Se todas as notícias a que o cidadão comum está exposto forem levadas a sério o cidadão comum, para sua sanidade mental, terá que se proteger delas. As notícias, como sabem os que sabem, quando são produzidas destinam-se a produzir efeitos sempre, ou quase, previamente conformados em função de interesses de poder sejam directamente de natureza politica, económica ou outros. Há académicos por esse mundo fora que se dedicam a estudar o tema nas suas diversas vertentes. Nada de novo. O que é novo nestes dias que passam, aqui e agora, é a confluência de tantas notícias que surgem, aos olhos de quem esteja minimamente atento, como sucessivas frentes de fogo e de contra fogo. Uma luta sem tréguas, ameaçando o vale tudo, pelo poder num país escasso, dependente, pobre, acabrunhado, deficitário em cultura do pleno exercício das liberdades e da democracia.

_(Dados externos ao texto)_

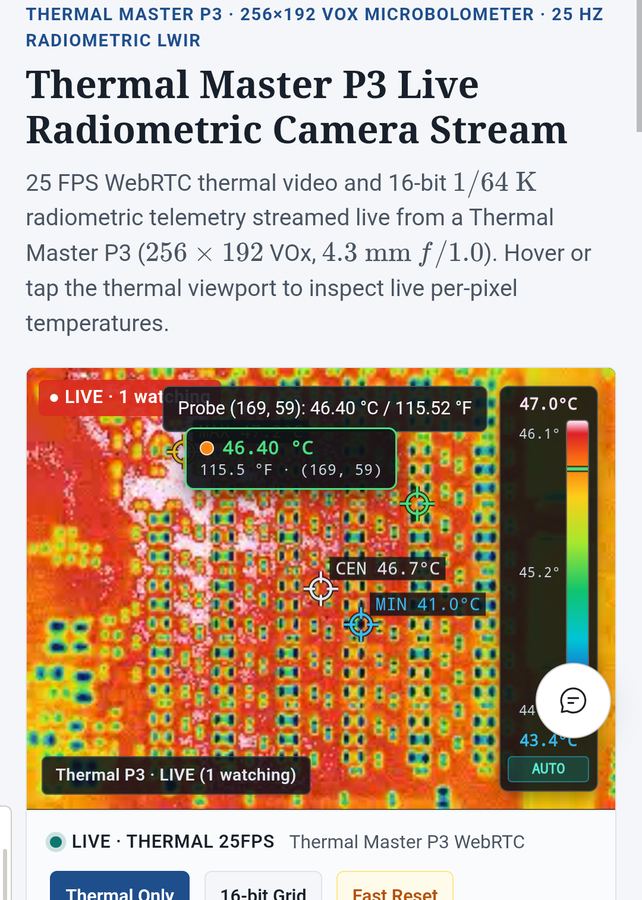 The public stream page on a phone: a thermal image of the card's back, probe at 46.4 °C, range 41 to 47 °C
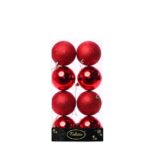 PALLE DI NATALE PLASTICA 8CM PZ.8 ROSSE GLITTERATE ART.85775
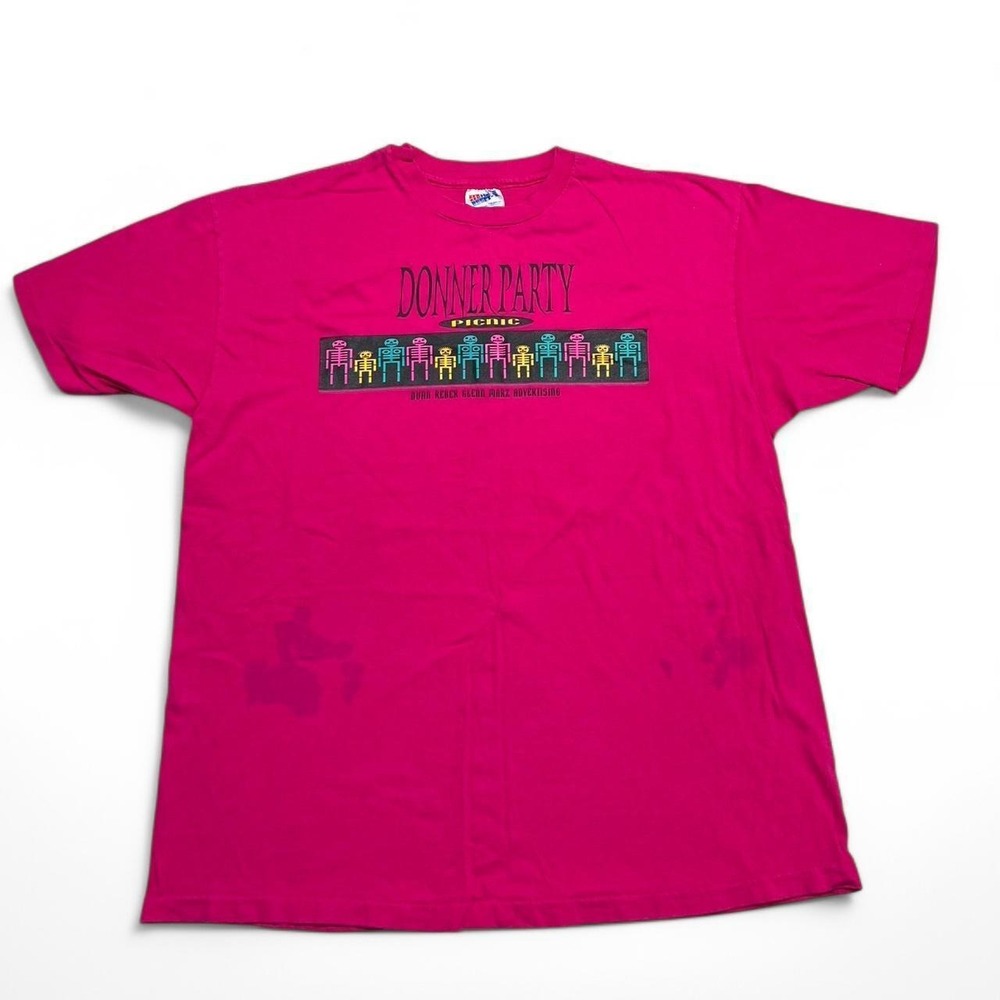 Hanes T-Shirt Womens XL Pink Donner Party Picnic Vintage Beefy-T Graphic Tee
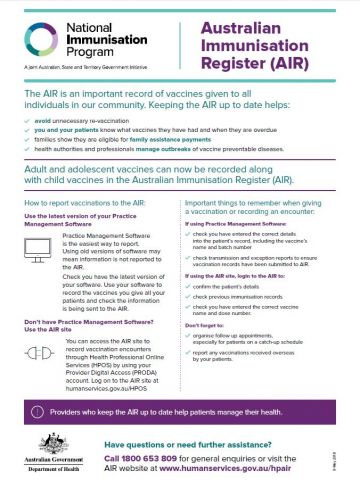 Image of a fact sheet providing information about reporting vaccinations to the Australian Immunisation Register. Image of a fact sheet providing information about reporting vaccinations to the Australian Immunisation Register.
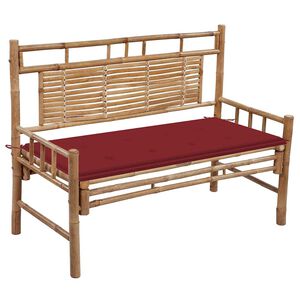 vidaXL Panca da Giardino con Cuscino 120 cm in Bamb&ugrave;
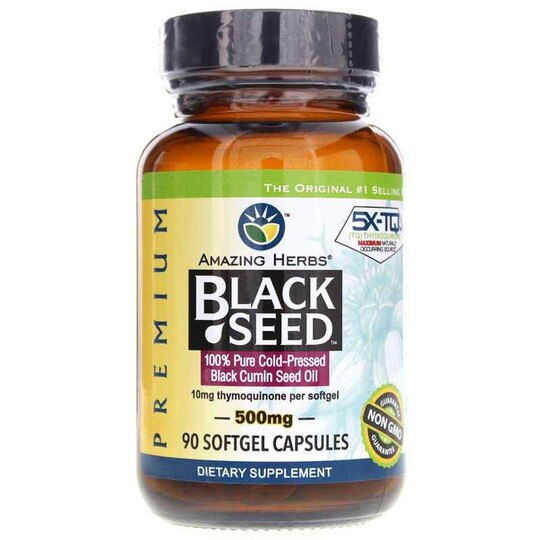 Premium Black Seed Oil - 100% Pure Cold-Pressed - 1,250 MG (60 Softgels) by  Amazing Herbs at the Vitamin Shoppe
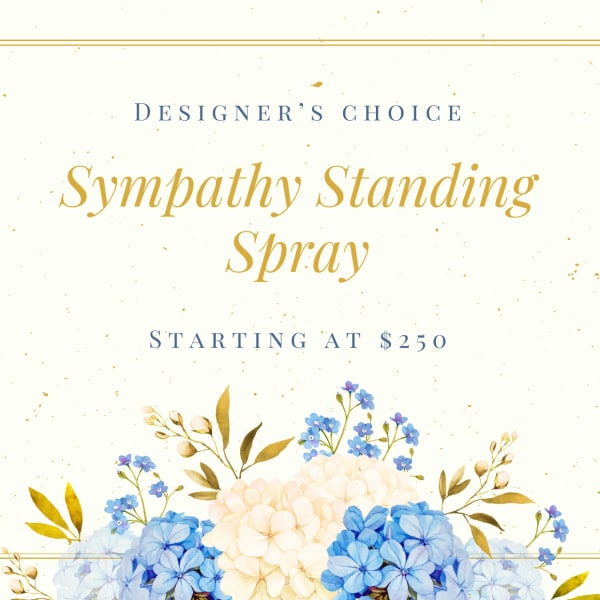 Sympathy standing spray with blue and white flowers
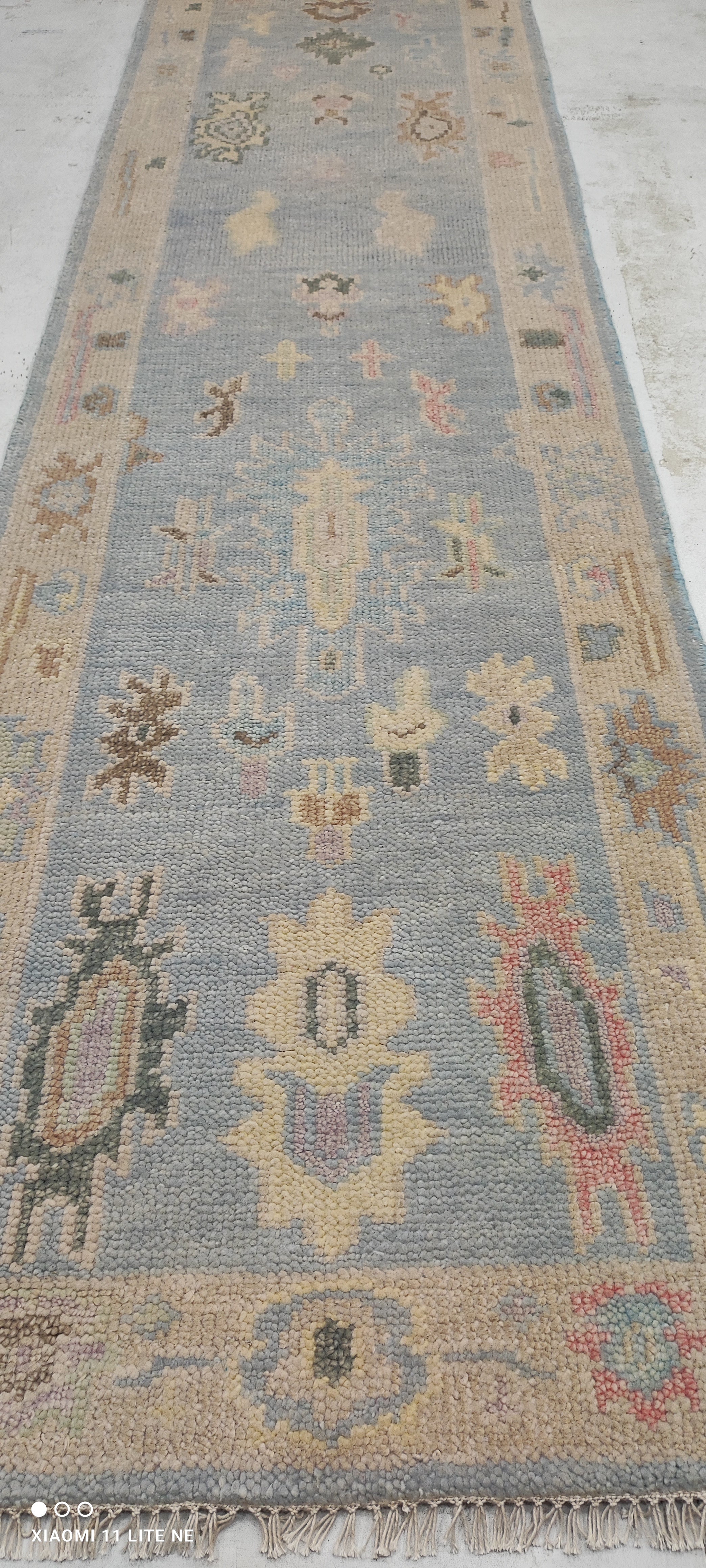 Kerri Kenney 2.6x12.3 Light Blue Hand-Knotted Oushak Runner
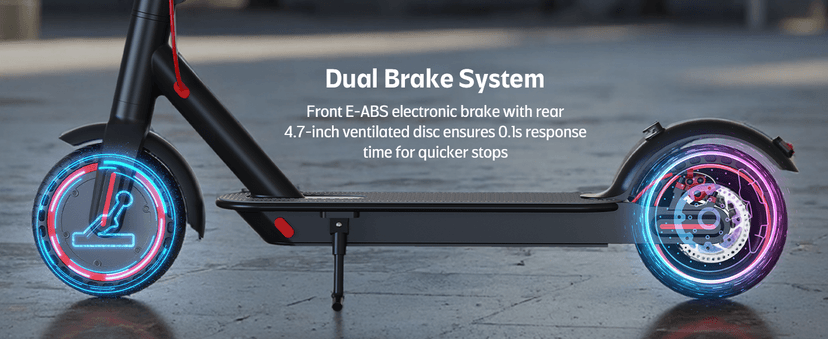 Electric Scooter for Adults- 10.4Ah Battery 350W(500W Peak) Motor, ≥19MPH & 25 Miles Long Range, 8.5'' Solid Tires Foldable with Dual Brake, Lightweight Portable Commuter E Scooter for Urban Travel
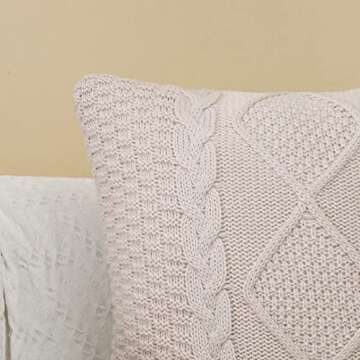 ANDUUNI Decorative Knitted Throw Pillow Covers Double-Cable Sweater Square Warm Cushion Cover for Sofa Bedroom Home Accent Decor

Sem desprimor para os políticos, reformados e no activo, que os há sérios e empenhados, uma espécie de plutocracia*, na qual, paradoxalmente, os ricos são cada vez mais pobres.
   
* A plutocracia (do grego ploutos: riqueza; kratos: poder) é um sistema político no qual o poder é exercido pelo grupo mais rico. Do ponto de vista social, esta concentração de poder nas mãos de uma classe é acompanhada de uma grande desigualdade e de uma pequena mobilidade. (In Wikipédia).